We should learn caution from the fact that to tinker with the parts and
configuration of an artwork will likely destroy its value and meaning and
apply that to the lives of individuals, and fully respect the particularity
and the subjectivity of evaluation involved. We should eschew all but the
idea of universal prescriptions for the good-life for individuals, just as
we would do so in the case of a good artwork.
1.
A Life and an Artwork
There
is a close and illuminating analogy that may be drawn between what makes a
work of art valuable and meaningful, and what makes a life valuable and meaningful.

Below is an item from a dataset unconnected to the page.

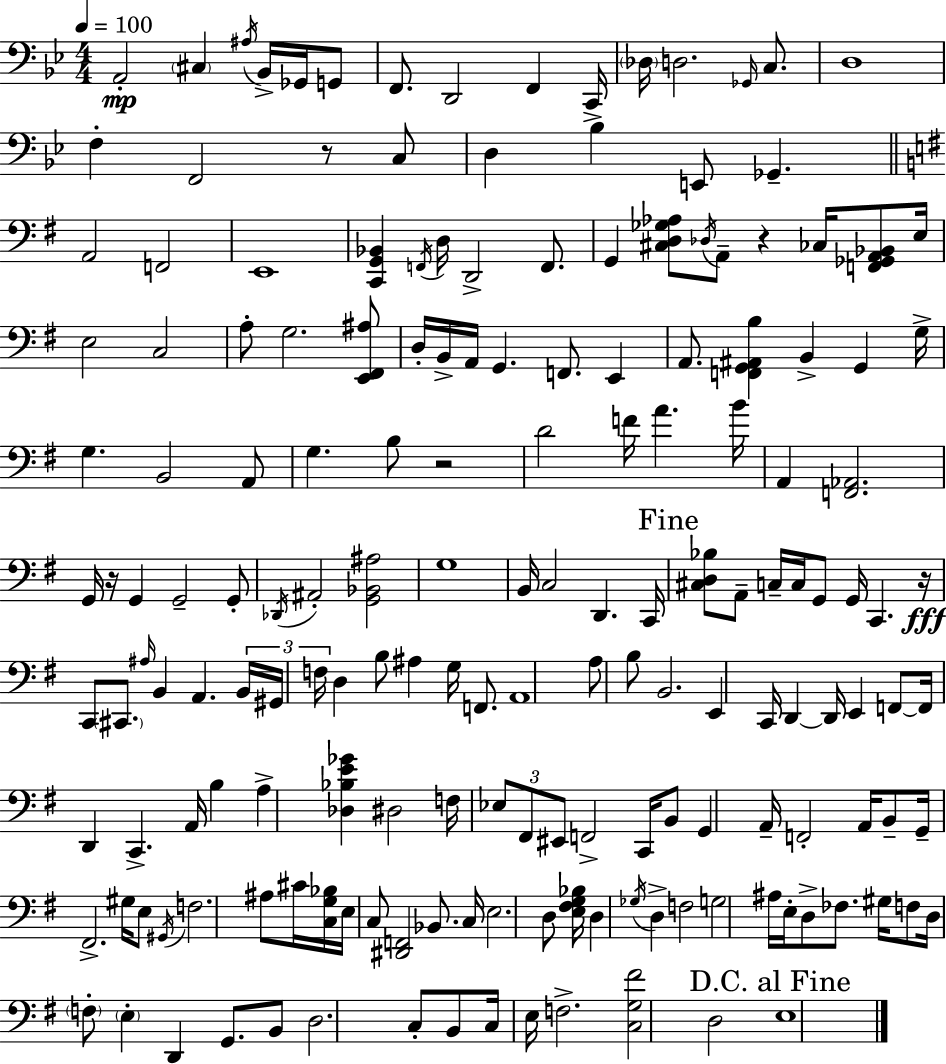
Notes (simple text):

A2/h C#3/q A#3/s Bb2/s Gb2/s G2/e F2/e. D2/h F2/q C2/s Db3/s D3/h. Gb2/s C3/e. D3/w F3/q F2/h R/e C3/e D3/q Bb3/q E2/e Gb2/q. A2/h F2/h E2/w [C2,G2,Bb2]/q F2/s D3/s D2/h F2/e. G2/q [C#3,D3,Gb3,Ab3]/e Db3/s A2/e R/q CES3/s [F2,Gb2,A2,Bb2]/e E3/s E3/h C3/h A3/e G3/h. [E2,F#2,A#3]/e D3/s B2/s A2/s G2/q. F2/e. E2/q A2/e. [F2,G2,A#2,B3]/q B2/q G2/q G3/s G3/q. B2/h A2/e G3/q. B3/e R/h D4/h F4/s A4/q. B4/s A2/q [F2,Ab2]/h. G2/s R/s G2/q G2/h G2/e Db2/s A#2/h [G2,Bb2,A#3]/h G3/w B2/s C3/h D2/q. C2/s [C#3,D3,Bb3]/e A2/e C3/s C3/s G2/e G2/s C2/q. R/s C2/e C#2/e. A#3/s B2/q A2/q. B2/s G#2/s F3/s D3/q B3/e A#3/q G3/s F2/e. A2/w A3/e B3/e B2/h. E2/q C2/s D2/q D2/s E2/q F2/e F2/s D2/q C2/q. A2/s B3/q A3/q [Db3,Bb3,E4,Gb4]/q D#3/h F3/s Eb3/e F#2/e EIS2/e F2/h C2/s B2/e G2/q A2/s F2/h A2/s B2/e G2/s F#2/h. G#3/s E3/e G#2/s F3/h. A#3/e C#4/s [C3,G3,Bb3]/s E3/s C3/e [D#2,F2]/h Bb2/e. C3/s E3/h. D3/e [E3,F#3,G3,Bb3]/s D3/q Gb3/s D3/q F3/h G3/h A#3/s E3/s D3/e FES3/e. G#3/s F3/e D3/s F3/e E3/q D2/q G2/e. B2/e D3/h. C3/e B2/e C3/s E3/s F3/h. [C3,G3,F#4]/h D3/h E3/w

The chief purpose here is not to show how a life is like a work of art, but
rather to use the way we understand an artwork as away of understanding
what a life is. Note, the subject here is a life, not life in general as
valuable and meaningful, whatever that may mean. Indeed part of the
argument is that the latter may make no sense, and value can and should
only be attached to the life as it is for an individual. The analogy is found
in the meaning and value of an artwork or a life being determined by the
particularity of its parts and their configuration, along with,
respectively, the sensibility of the observer of the artwork and the
character of the person whose life it is. This suggests two things. Firstly,
that to expect there to be a universal idea of what a valuable and
meaningful, let alone good, life is is a mistake, just as it would be in
the case of a work of art. Secondly, that we meddle with the parts and
configuration of an individual life in acute peril of destroying its value
and meaning for the person whose life it is, just as we are likely to
destroy the value and meaning of a work of art should we tinker with its
parts and their configuration. Whether the meddling is well meaning or not,
makes no difference. Oddly, whereas we accept this as being relatively
obvious in the case of an artwork, where the authenticity and integrity of
the work is something most take for granted as virtually sacrosanct, it is
often neglected or actively rejected in the case of an individual’s life.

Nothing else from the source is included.